== DATA FOR PROCESSING

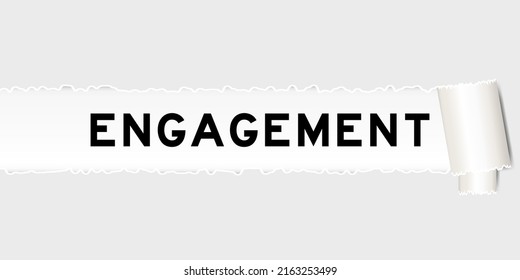 Ripped gray paper background that have word engagement under torn part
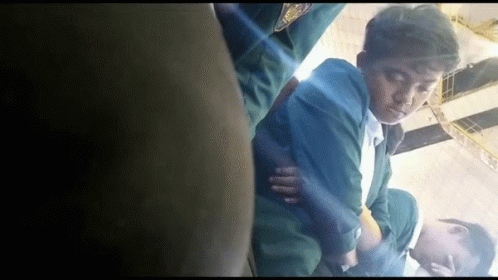 Man In Green Jacket Lying On Floor Eyes Closed GIF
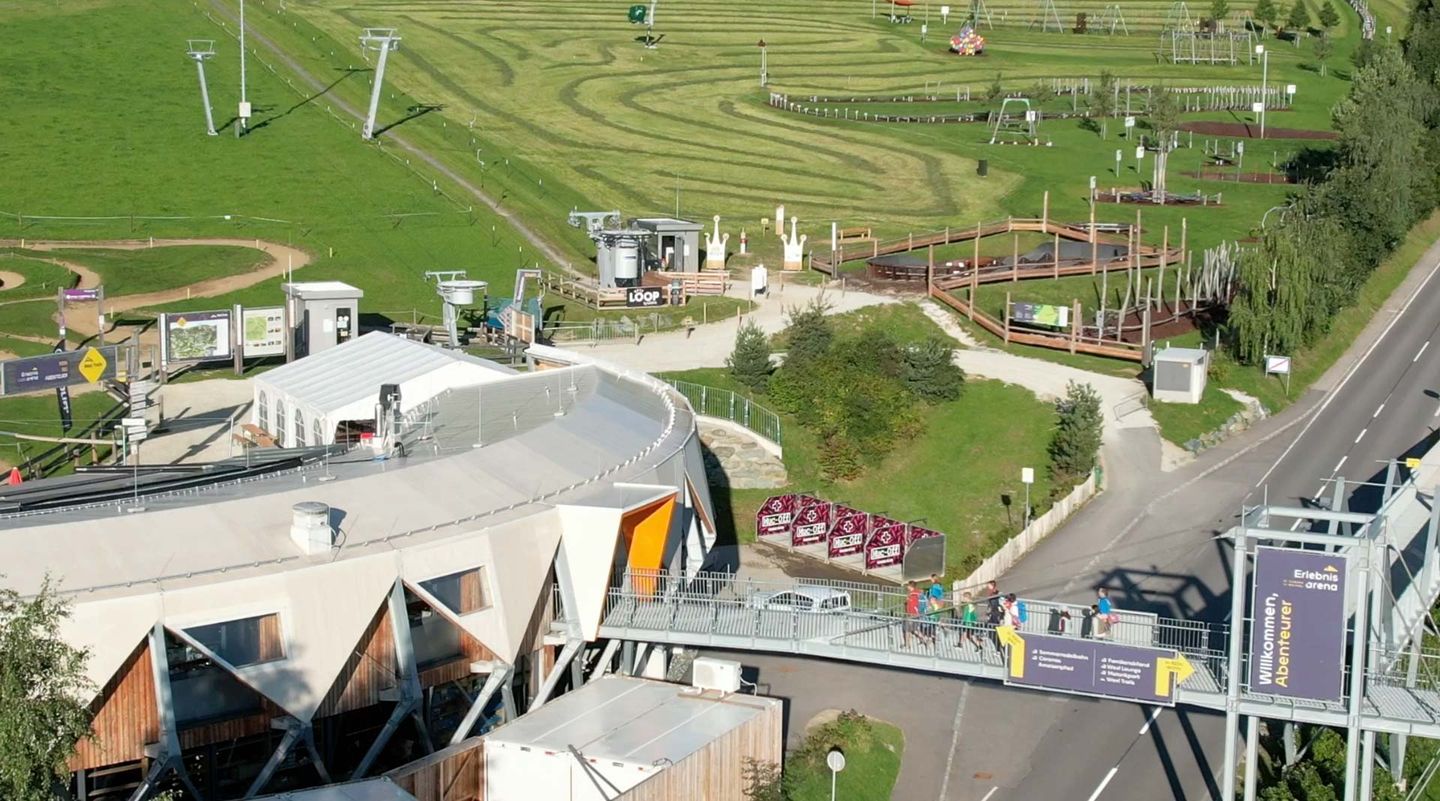 Wexl Arena – St Corona am Wechsel in Austria: a view from the top of a building in a park.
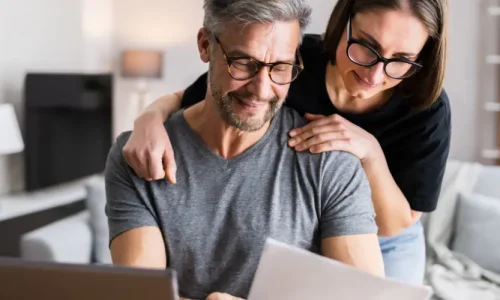 A woman and a man look at their tax papers in front of a computer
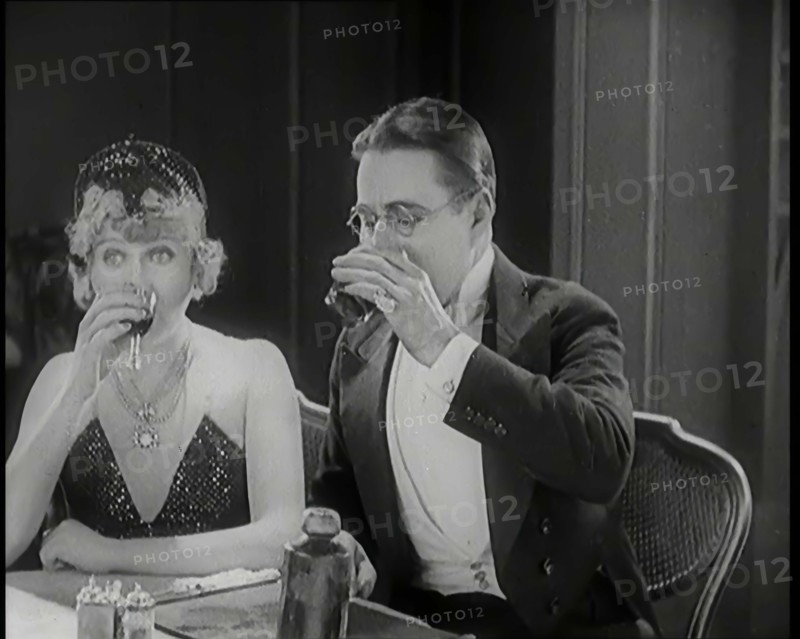 Scene from the Film 'A Little Bit of Fluff': The Female Actor Betty Balfour Sitting at a ..., 1920s. Creator: British Pathe Ltd.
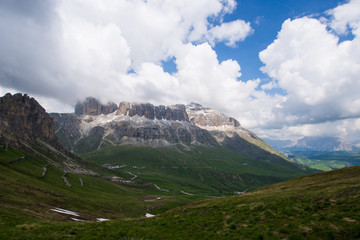 Fototapeta premium Sass Pordoi mount in blue sky with clouds, Dolomites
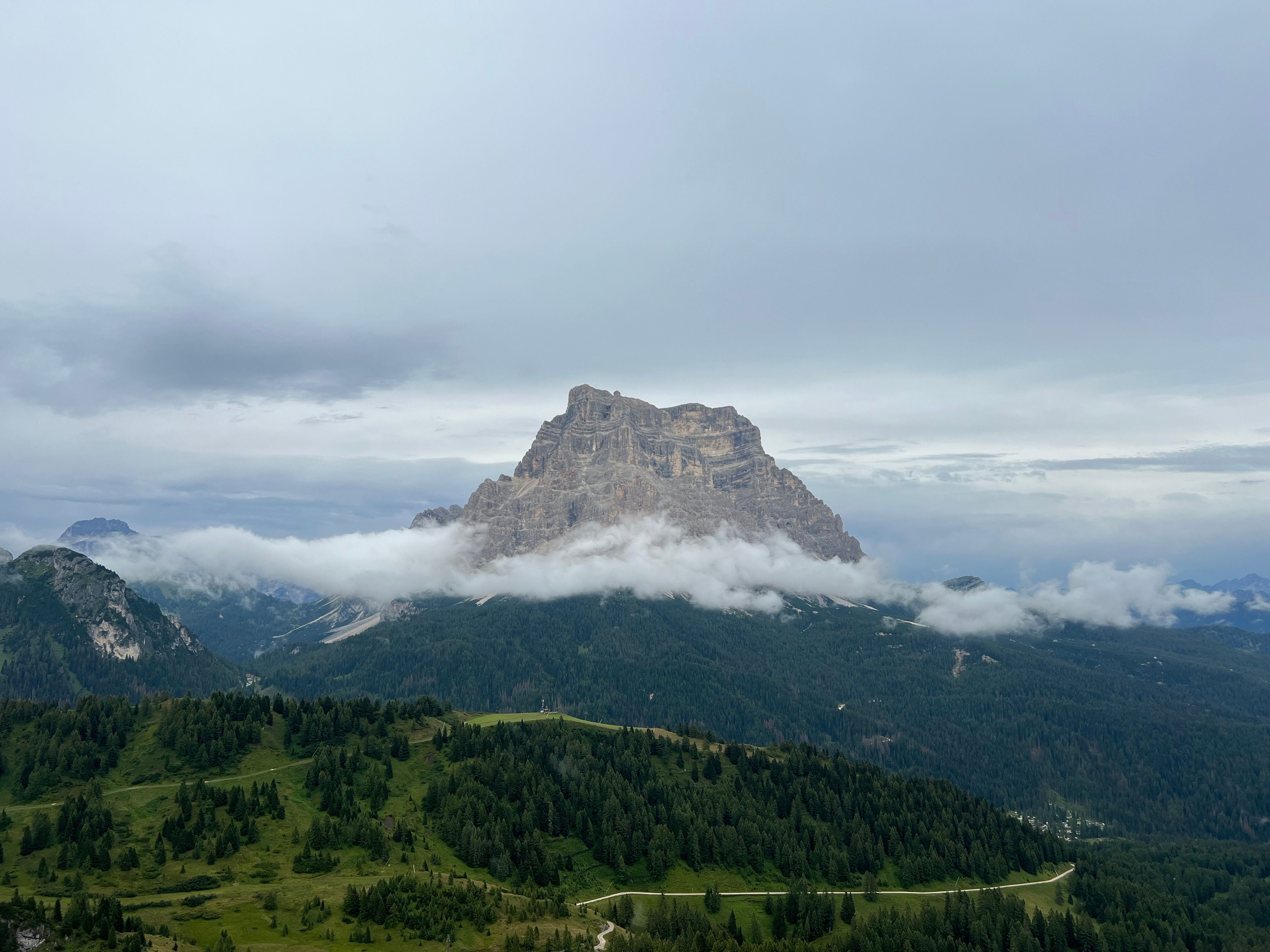Breathtaking view of Monte Pelmo in the Dolomites with lush forests and misty clouds.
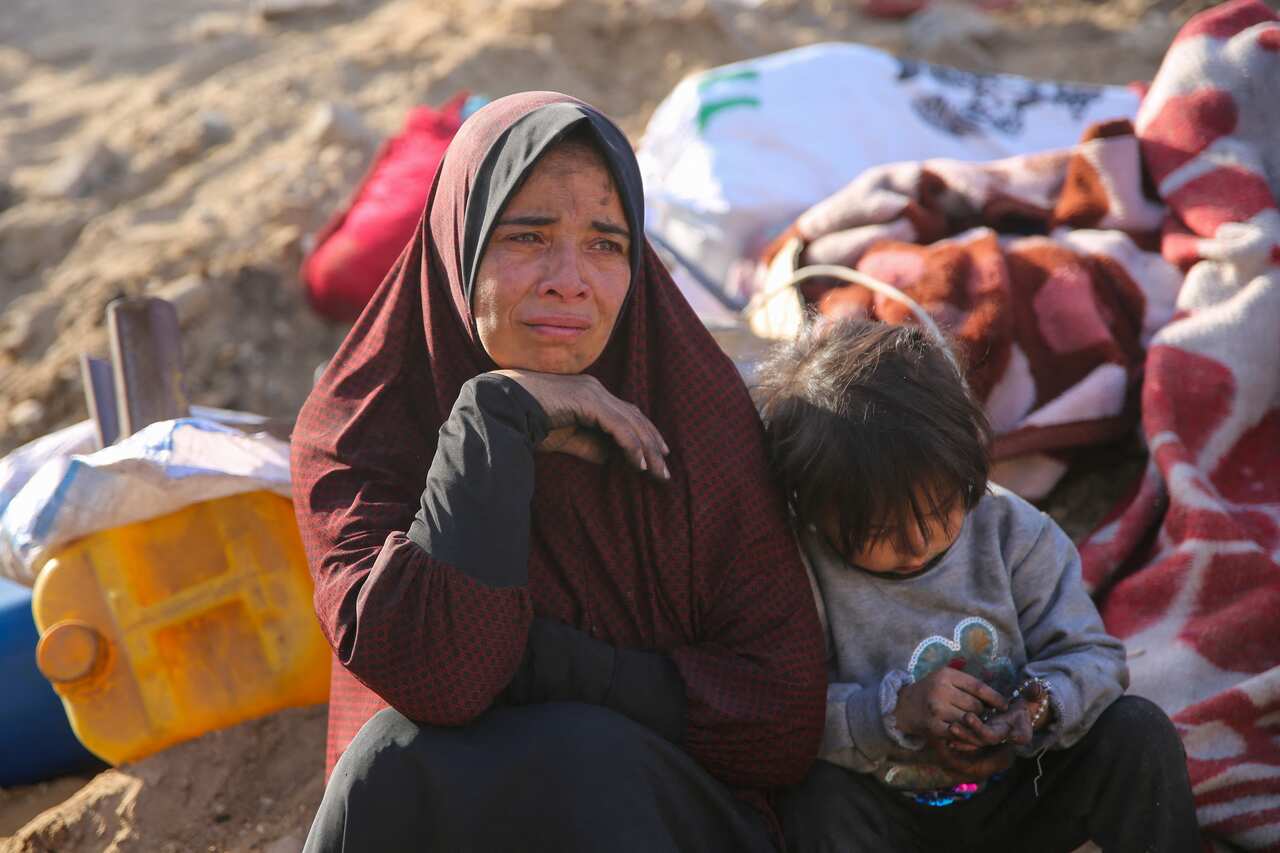 A woman and child sit on rubble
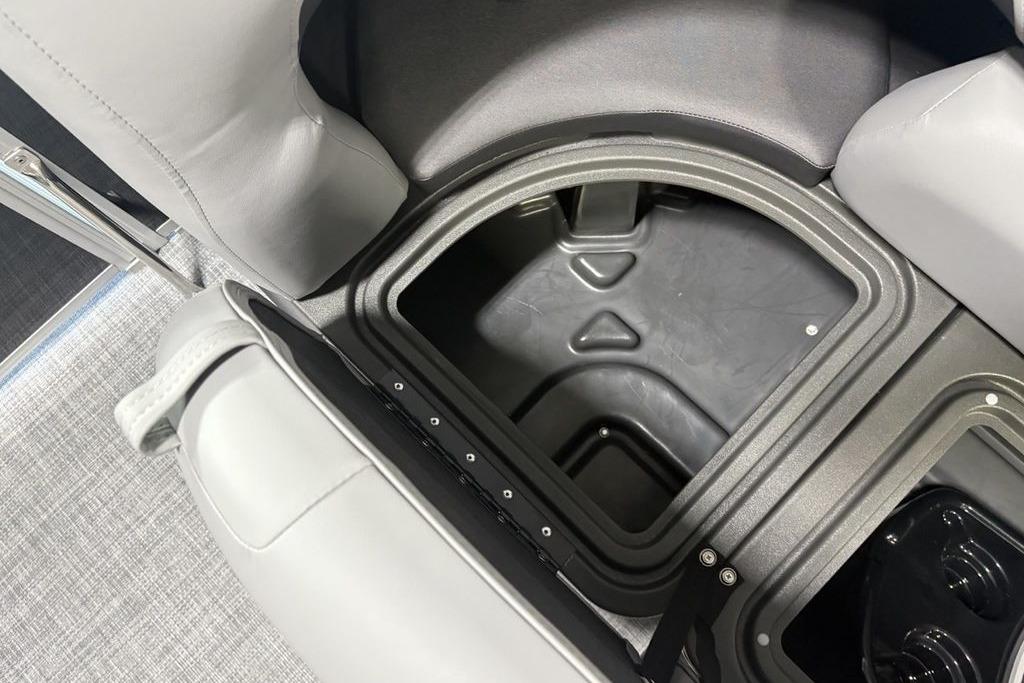 2026 Sun Tracker PARTY BARGE® 20 DLX storage compartment with gray seating.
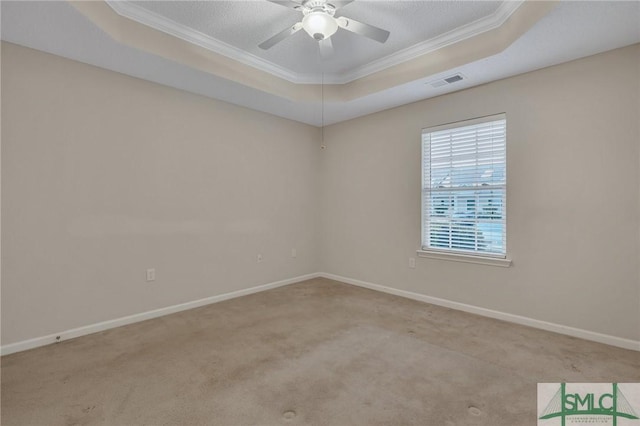 empty room with crown molding, ceiling fan, a raised ceiling, and light colored carpet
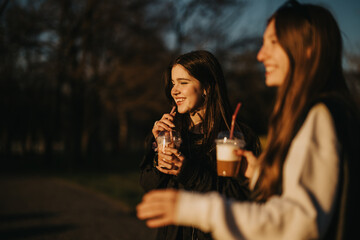 Two girls share a pleasant moment outdoors, sipping on beverages and enjoying the warm, golden glow of the sunset.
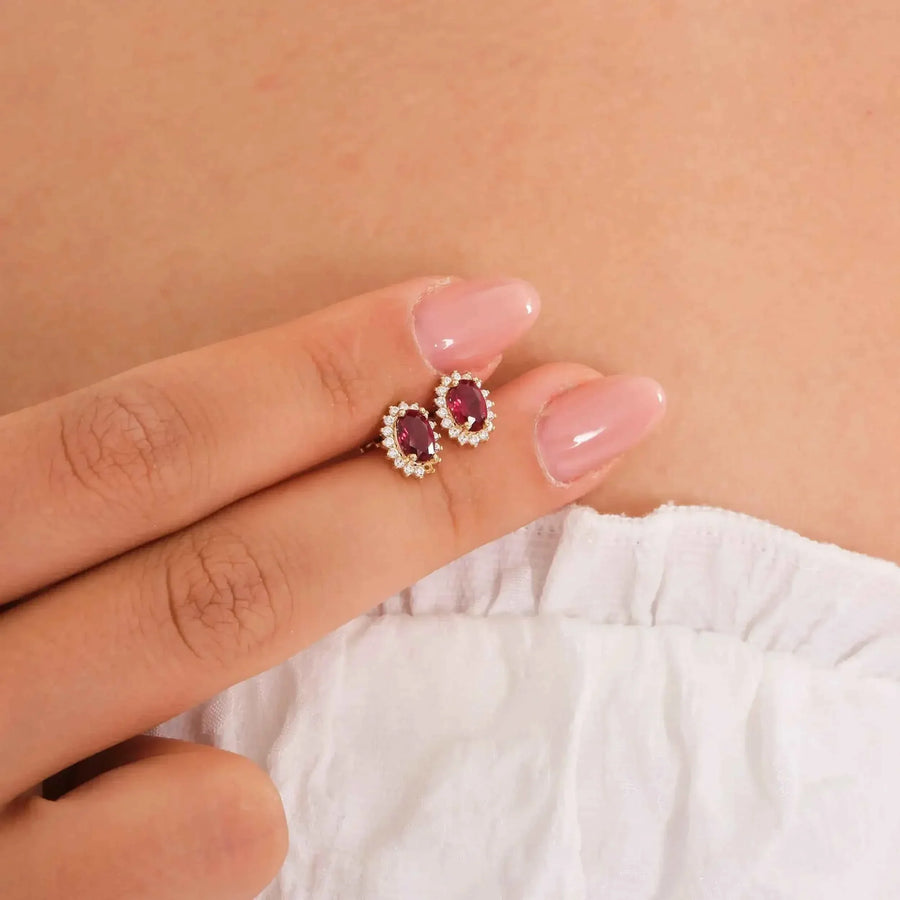 Puces d'oreilles halo rubis de synthèse en or 14 carats tenues du bout des doigts contre un haut blanc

====

▸ WHAT YOU WILL DO
Hand back exactly the lines from the one with "A woman and a" through the last line of the data above, both ends included, with every picture left out.

▸ ANSWER TO THIS TASK
 A woman and a man look at their tax papers in front of a computer
 Scene from the Film 'A Little Bit of Fluff': The Female Actor Betty Balfour Sitting at a ..., 1920s. Creator: British Pathe Ltd.
 Fototapeta premium Sass Pordoi mount in blue sky with clouds, Dolomites
Breathtaking view of Monte Pelmo in the Dolomites with lush forests and misty clouds.
 A woman and child sit on rubble
 2026 Sun Tracker PARTY BARGE® 20 DLX storage compartment with gray seating.
 empty room with crown molding, ceiling fan, a raised ceiling, and light colored carpet
 Two girls share a pleasant moment outdoors, sipping on beverages and enjoying the warm, golden glow of the sunset.
 Puces d'oreilles halo rubis de synthèse en or 14 carats tenues du bout des doigts contre un haut blanc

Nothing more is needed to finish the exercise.